Little, Brown (336 pages, $27)


Maria Semple understands women on the verge -- she just likes to have a little fun at their (our?) expense. She’s empathetic, sure, but as a former television writer (“Arrested Development,” among other shows) with a formidable sense of humor, she can‘t help but reflect sardonically on bad decisions, questionable behavior, neurotic lapses and self-sabotage.

In her first book, “This One is Mine,” a TV writer-turned-stay-at-home mom with an enviably luxurious life tries to throw away her comfortable existence for an unsuitable (and not terribly successful) rocker. In her second novel, the breakthrough “Where’d You Go, Bernadette,” a tightly wound architect disappears, sending her teenage daughter on a mission to find her (Richard Linklater of “Boyhood” fame is set to direct a film version).

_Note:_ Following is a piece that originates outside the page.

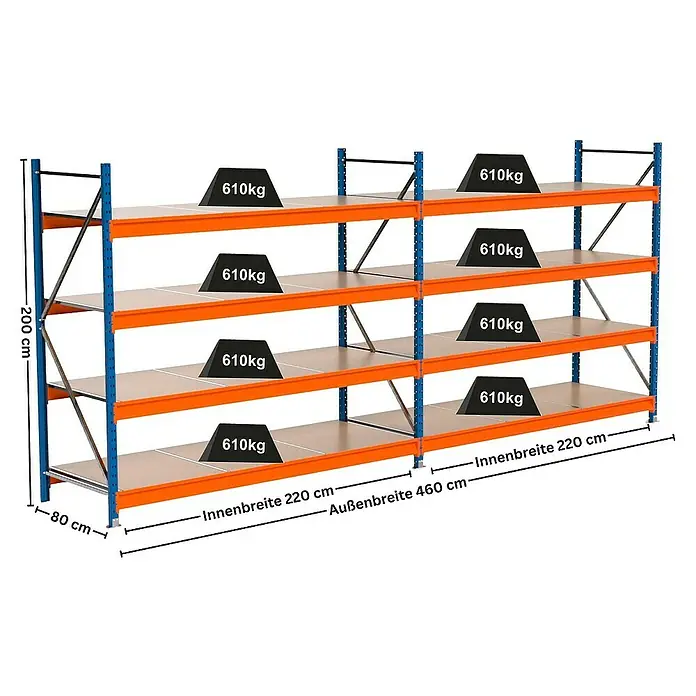 Proregal Schwerlastregal Industrie Weitspannregal MAXIMUS Pro - H x B x T: 200 x 460 x 80 cm, Traglast pro Boden: 610 kg, Anzahl Böden: 4 Stk., Stecken, Blau/Orange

Both novels are funny, sharp and satiric, skewering insular worlds (Hollywood in “This One is Mine,” urban Seattle in “Bernadette”) and offering wry commentary on middle class notions of selfhood and reinvention.

For Semple fans, the wait for the next comic gem has felt longer than four years. But now that she's back with a quick punch to the funny bone, all is forgiven. In “Today Will Be Different,” she dives into familiar territory with her usual sly wit, delivering another story of a woman trying -- and mostly failing -- to put her life in order.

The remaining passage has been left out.